Automation will kill more than just tech jobs: Nasscom

Reskill or die might have become a cliche. But for India’s 4 million-strong IT workforce, it is becoming critical.
Automation will kill more than just tech jobs: Nasscom

CHENNAI: Reskill or die might have become a cliche. But for India’s 4 million-strong IT workforce, it is becoming critical. Nasscom’s president R Chandrasekhar pointed out on Thursday that if companies did not go through “workforce realignment” and swallow associated job losses, “all jobs” would be in peril.
It’s not only lower skilled IT workers who are staring into the abyss. “IT is the first warning bell for every other sector that this is the shape of the future,” he warned. The World Bank, in late 2016, had stated that 69 per cent of all jobs in India are threatened by automation.

Since then, automation has not only become relentless, but is “much faster” than earlier expected. The result? Late last year, clothing major Raymond had stated that it will replace 10,000 jobs with robots in three years, and according to a survey by HR firm Teamlease, both manufacturing and media are likely to be impacted more by automation than IT.
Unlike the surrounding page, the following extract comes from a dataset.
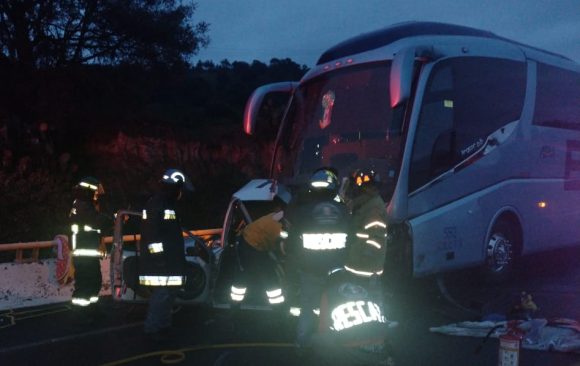 Choque entre autobús y auto deja tres muertos en Chignahuapan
Of the three biggies in IT, TCS and Infosys also registered lower employee counts in the first quarter, down by 1,415 and 1,811 respectively. “But, if companies do not do this... (realign workforces) then all jobs are in peril,” Chandrasekhar pointed out. Tech Mahindra, after apologising to a techie this month for sacking him over phone, had also stated it was aligning its workforce with business objectives and client requirements.

While companies might not have the “luxury” of deciding the pace of change in the global market, as Nasscom says, the way out is to reskill and  preserve revenue growth. As long as pace of growth is faster than that of automation, its president pointed out, net employment will grow. Indian IT is still expected to remain a net recruiter this year. However, net recruitment has been on a steady decline, and is expected to fall to 1.3-1.5 lakh this financial year from as much as 2.3 lakh in 2013-14.

The only bright light is that technology has historically created more jobs than it kills. But, these jobs require much higher skill sets, which is exactly why many large firms have already embarked on large scale extensive reskilling efforts.